Plurality wants Biden to keep vow to nominate Black woman to Supreme Court: poll
A plurality of Americans says that President Biden should deliver on his campaign pledge to nominate the country’s first African American female justice to the Supreme Court, according to a new poll.
The survey, conducted by the left-leaning firm Public Policy Polling on behalf of the progressive court reform group Demand Justice, found that 48 percent of respondents said Biden should keep this promise, compared to 31 percent who said he should not.
Biden reaffirmed his campaign vow last week at a White House event to announce the retirement of Justice Stephen Breyer, one of the court’s three liberal members, who will depart the court this summer after nearly three decades on the bench.
“I’ve made no decision except one: The person I will nominate will be someone with extraordinary qualifications, character, experience and integrity,” Biden said. “And that person will be the first Black woman ever nominated to the United States Supreme Court. It’s long overdue in my view.”

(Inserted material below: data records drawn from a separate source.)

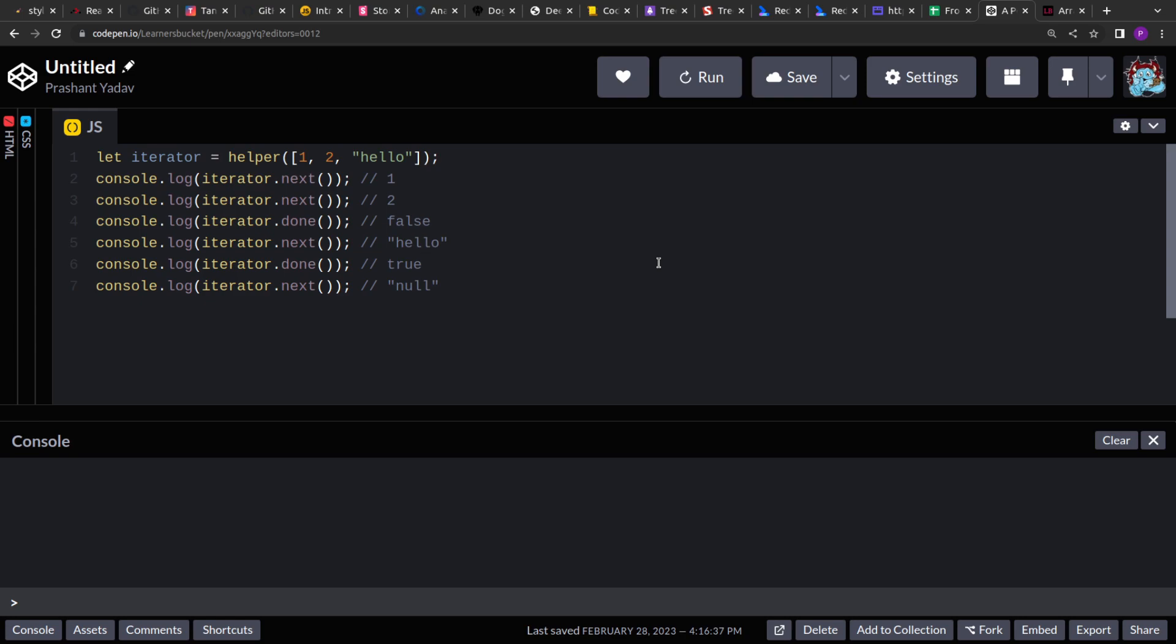Hello guys, welcome to this new video. Today we are going to solve this problem where we are asked to create this iterator method.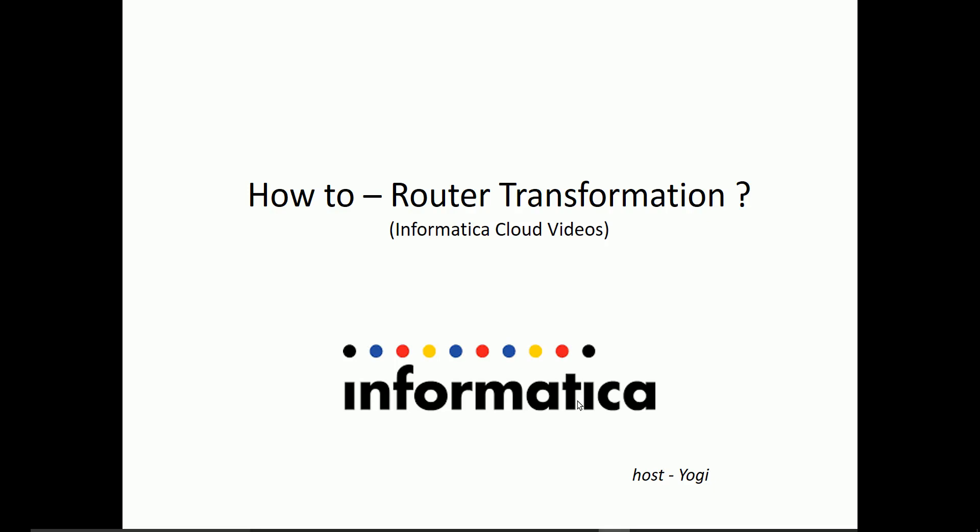Today in this video, we'll be looking at how to use router transformation in Informatica Cloud Mapping Designer.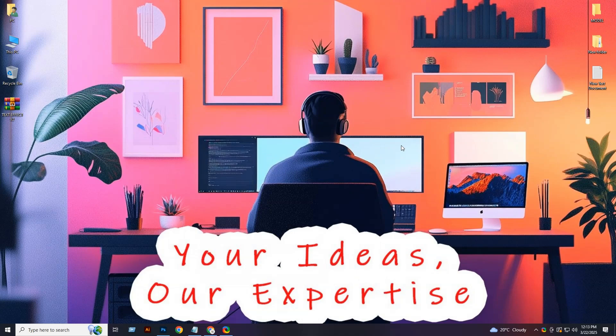Hey everybody, I hope you all are well. Today I'm going to show you 10 premium quality Photoshop 3D Text Effects PSD templates. Those templates look very beautiful, I hope you like them. I share various premium quality PSD templates on my YouTube channel every day, so don't forget to subscribe to my channel. Also, hit the bell icon. If you watch the video on my Facebook page, then follow my page, and you'll get a notification when I upload a new video with templates. Let's take a look at today's templates.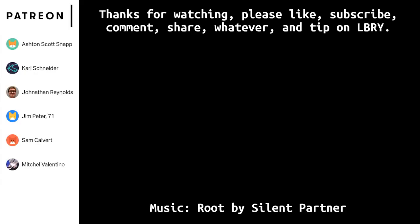Anyways, thank you for watching this video. Thanks to those who tip on LBRY as well as Patrons: Michele Vantino, Sam Covet, Jim Peter, Jonathan Reynolds, Carl Schneider, and Ashton Snap. Those are the ones who donate $5 or more, so thank you and goodbye!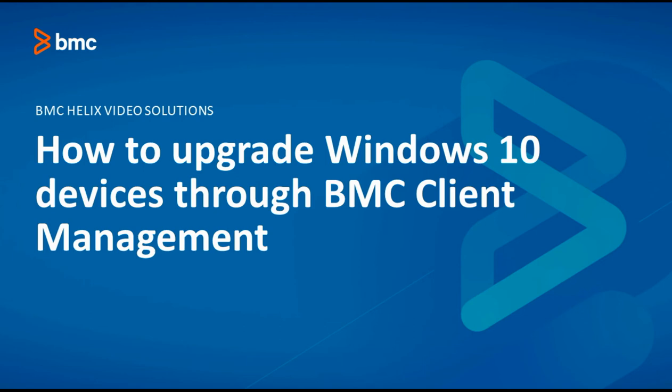Today, we will talk about how to upgrade Windows 10 devices through BMC Client Management Console.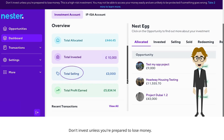Total selling is all about the money tied up in investments you've decided to sell. The sale isn't complete yet, but you've taken the first steps to cashing out. Total profit earned is the money you've earned from all your investments on Nesta.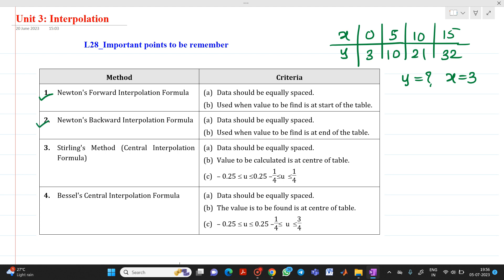The second method we discussed is Newton's backward interpolation formula. The criteria for this is data should be equally spaced, and it is used when we have to find out the value situated at the end of the table. For example, from the data given, suppose we have to find out the value of y when x equals 13, which will be at the end of the table. So therefore we will be using the backward interpolation formula.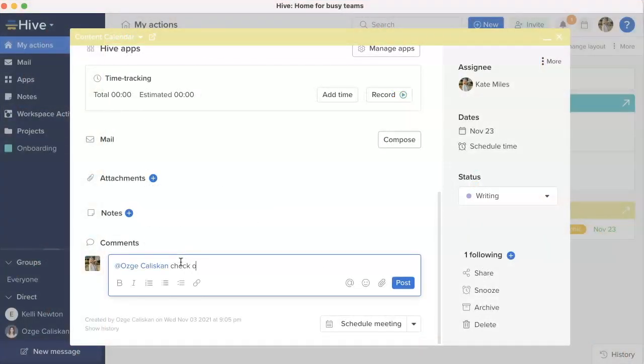Spell check for comments and description boxes. This will work like any standard spell check, ensuring teams that their feedback is error-free.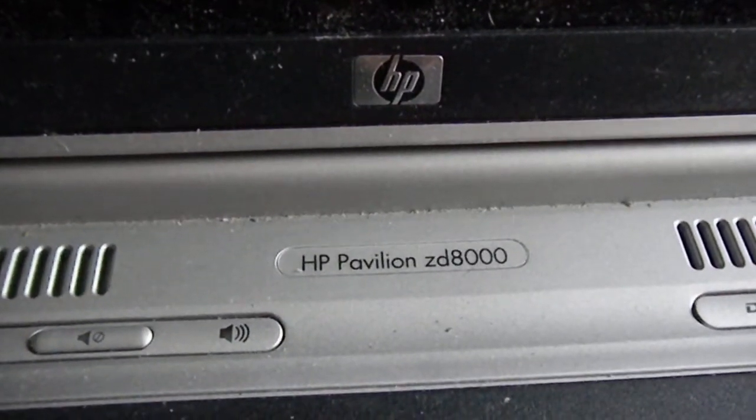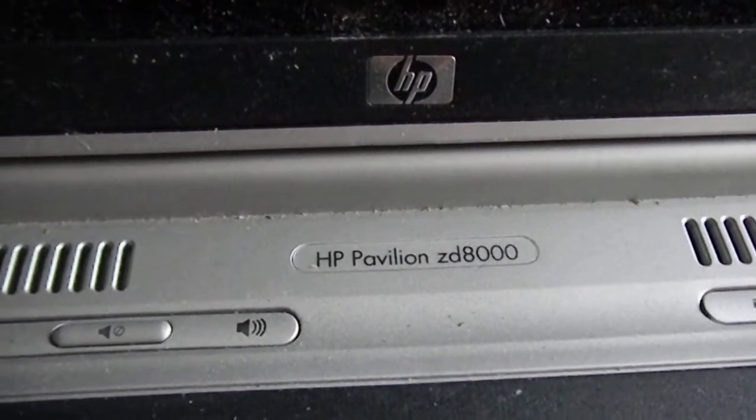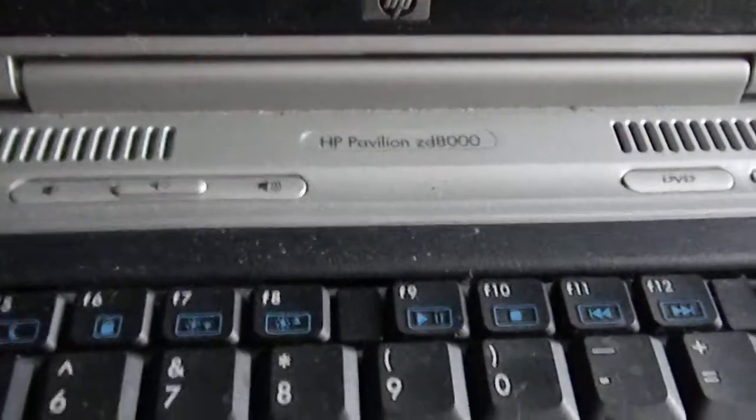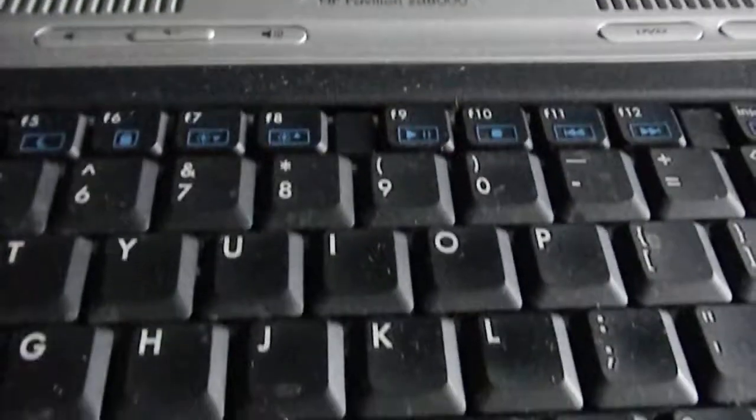Here's the ZD-8000. It's one of my favorite computers. I bought the repair manual for it and my friend and I have worked on quite a few of these.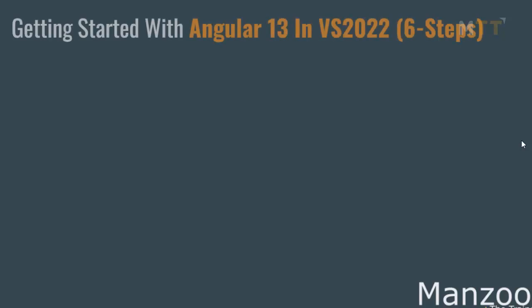Hello everyone. In this video, I am going to show you how to get started with Angular 13 in Visual Studio 2022 in 6 easy steps.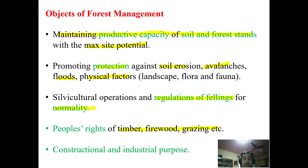Another objective is to provide timber, firewood, and grazing as people's rights, which have been bestowed to the people residing within and along the fringe of the forest. Additionally, timber may be required for construction purposes as well as for industrial purposes, which could also be one of the objectives of forest management.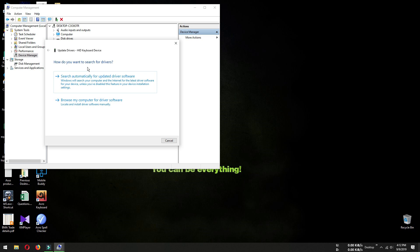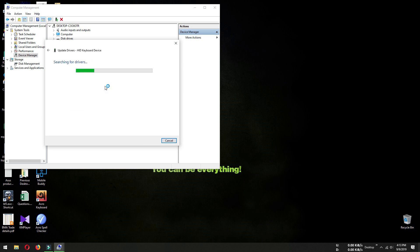While disabling our built-in keyboard, we selected 'Browse my computer for driver software,' but this time we'll let Windows search for a suitable driver. So we'll select 'Search automatically for updated driver software.'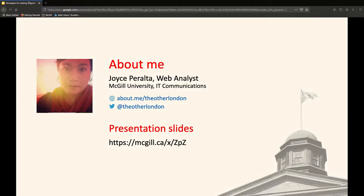Here is a little bit about me. I am a web analyst on the IT communications team at McGill. I'm actually switching over though. I'm going to be going into communications and external relations at McGill starting at the beginning of July. Throughout my career I've kind of flip-flopped back and forth between the two departments.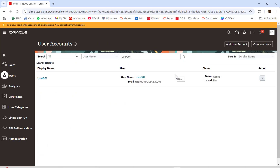As you know, in our organizations the auditor comes quarterly or on some schedule to check many things — one of which is to check the setup: value sets, profile options, customizations, or whatever. In this case, you can create a user with read-only mode and give it to them to check whatever they need.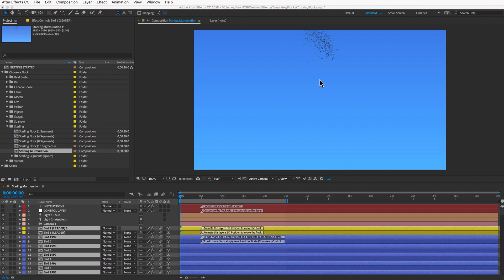It's not going to be like a lot of murmurations you've probably seen where there's a million or more Starlings, but we can do about 10,000 or so pretty easily, which is like the next best thing.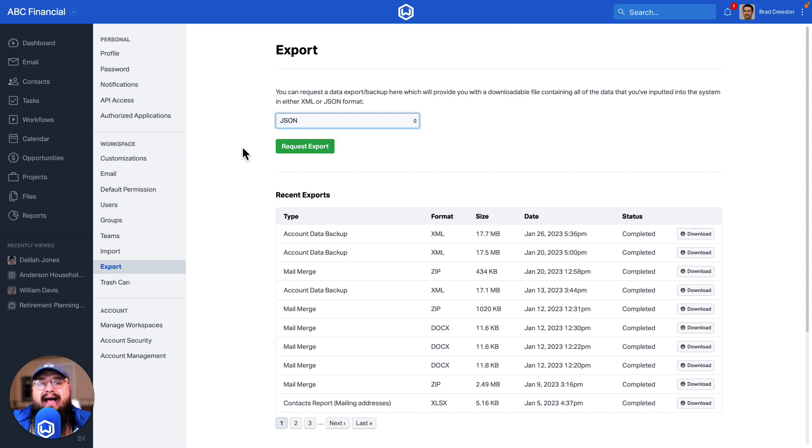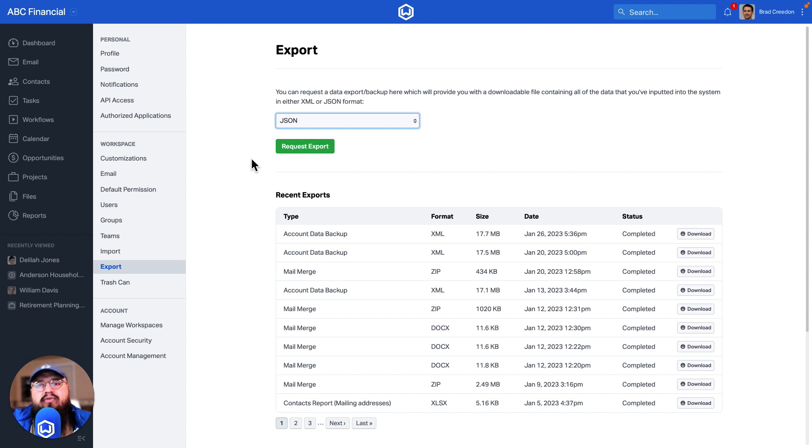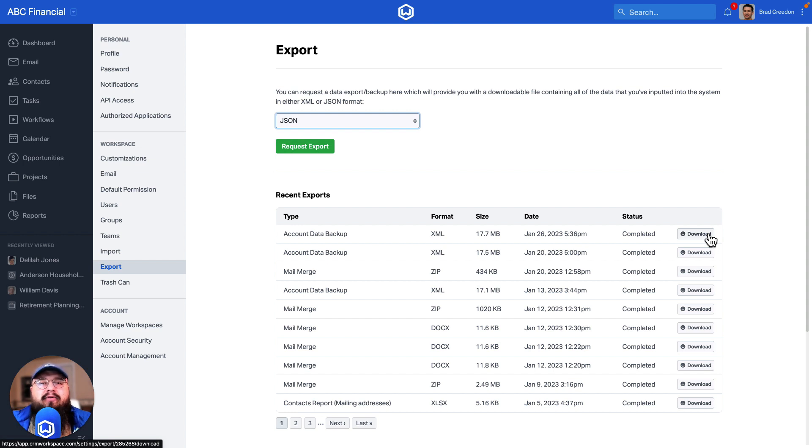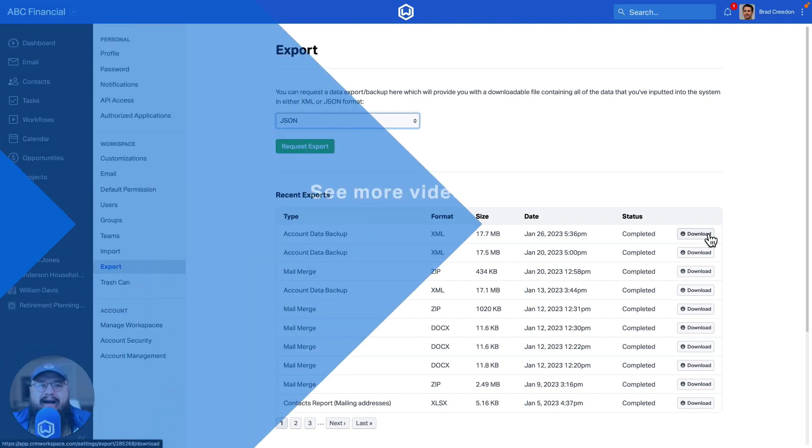Then you click on request export. You would receive an email with the confirmation that your file is ready, and you would go directly to this page again to download that backup. And that's how to export a backup of all of your data in Wealthbox.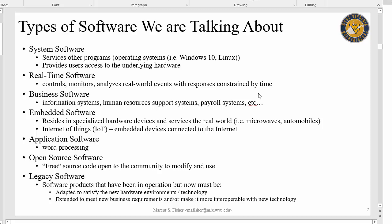The types of software we're talking about: we have system software — this is like your operating systems, your Windows 10, your Linux. This is the type of software that actually serves other software applications. Then you have real-time software, where it actually controls, monitors, and analyzes and responds to real-world events. A real-time system is constrained by time — like the software that controls fighter jets or airplanes. That's real-time software because it has to respond within certain time periods.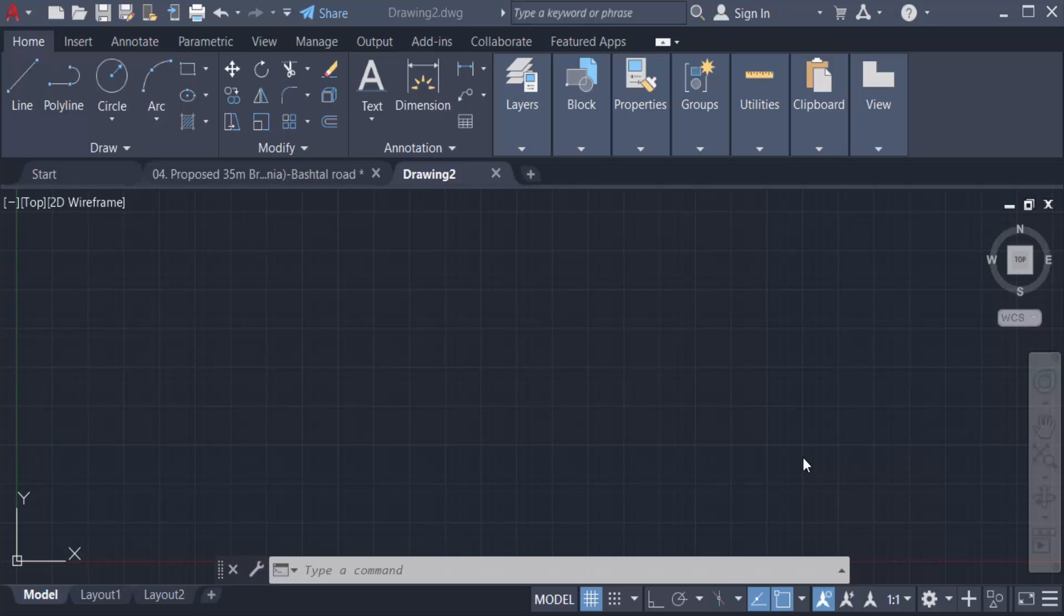Hello everyone, assalamualaikum. This is an AutoCAD tutorial and in this video I will present you how to change text size in AutoCAD drawing. So let's get started. First I create some text, so I go to the annotation group.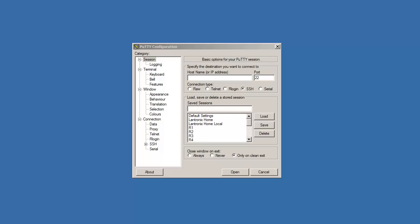Hello there, welcome to my channel. I'm going to show you how to change the text color in your Putty configuration.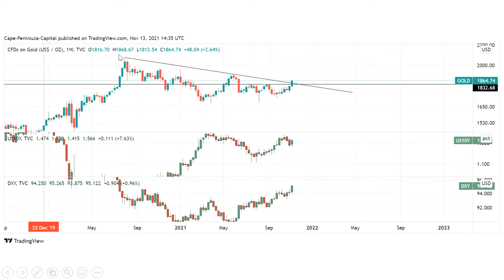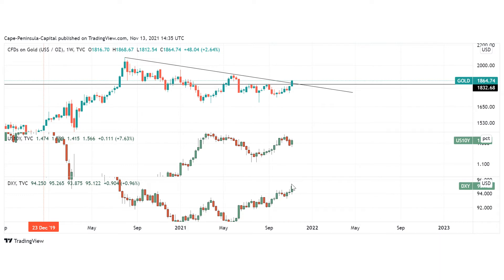We also closed above this downtrend line. What's also very interesting is that at the same time as we saw this huge increase in gold, we saw that the yields of the 10-year bonds and also the dollar increased. Normally gold is negatively correlated with the dollar and the U.S. 10-year yields, so this is also a sign that we might see a huge shift in the precious metals markets.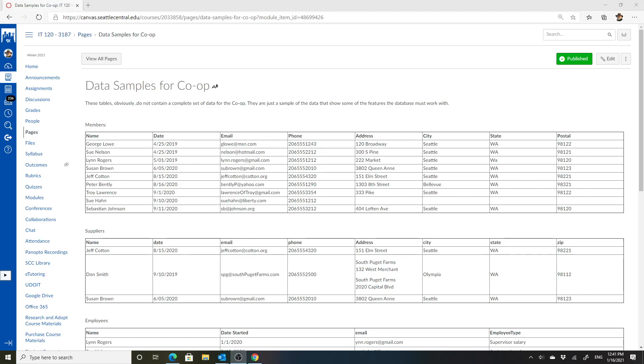Okay, this is a video for IT 120 and I'm going to talk about the data samples for the co-op.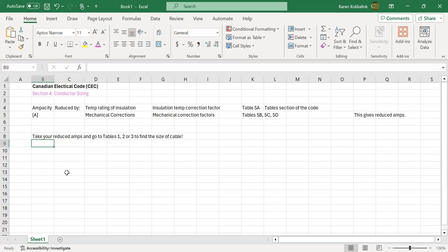Once you have your reduced amps, you go to Tables 1, 2, or 3 to find the size of cable. In some situations you don't need Tables 5A, 5B, 5C, or 5D at all — you just take your allowable ampacity directly to Tables 1, 2, or 3. In those tables, you find your temperatures along the top, your allowable ampacity in the middle, and on the left-hand side you get the size of cable to use.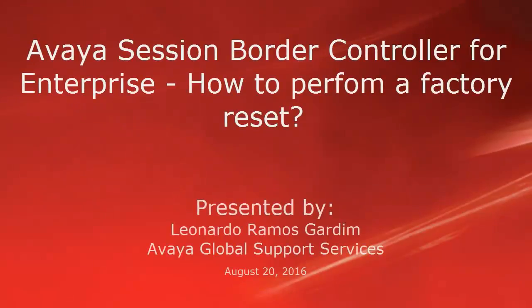Hello, my name is Leonardo Gardin from Avaya Global Support Services. This video is about the Avaya Session Border Controller for Enterprise and how to perform a factory reset on SBC.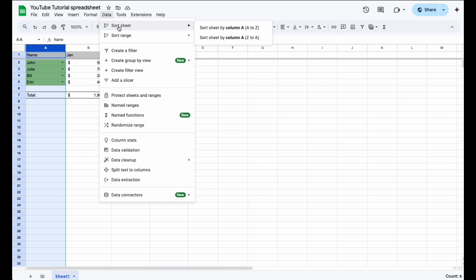So I'm going to start with sheet. And what I can do is come over here and say I want to sort the sheet by column A, where all my names are, and I want it to go from A to Z. So this is going to sort those names alphabetically so that A is first and Z is last. Watch what happens when I click on this.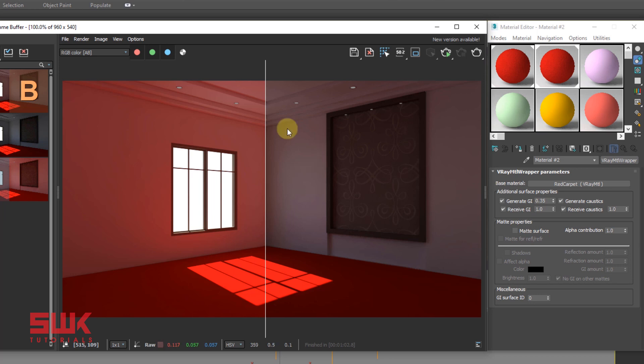In the same way, if I increase the numeric value of Generate GI, the color bleeding will also increase.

Among the likely candidates to replace Breyer are Ketanji Brown Jackson, 51, who sits on the U.S. Court of Appeals for the D.C. Circuit; Leondra Kruger, 45, who has served on the California Supreme Court since 2015; and J. Michelle Childs, 55, a federal district court judge in South Carolina whom Biden recently nominated to the D.C. Circuit Court.
A separate poll published this weekend also addressed Biden’s pledge, though it phrased the survey question differently. That poll, conducted by ABC-Ipsos, found that 76 percent of those surveyed want the president to consider “all possible nominees,” while just 23 percent want him to only consider Black women for the nomination.
The seating of Biden’s nominee will not fundamentally shift the balance of the 6-3 conservative majority court. But replacing Breyer with a justice who is ideologically to his left could reshape the three-member liberal minority.
The Public Policy Polling survey was based on responses from 662 national registered voters contacted Jan. 28-29 and has a margin of error of plus or minus 3.8 percentage points.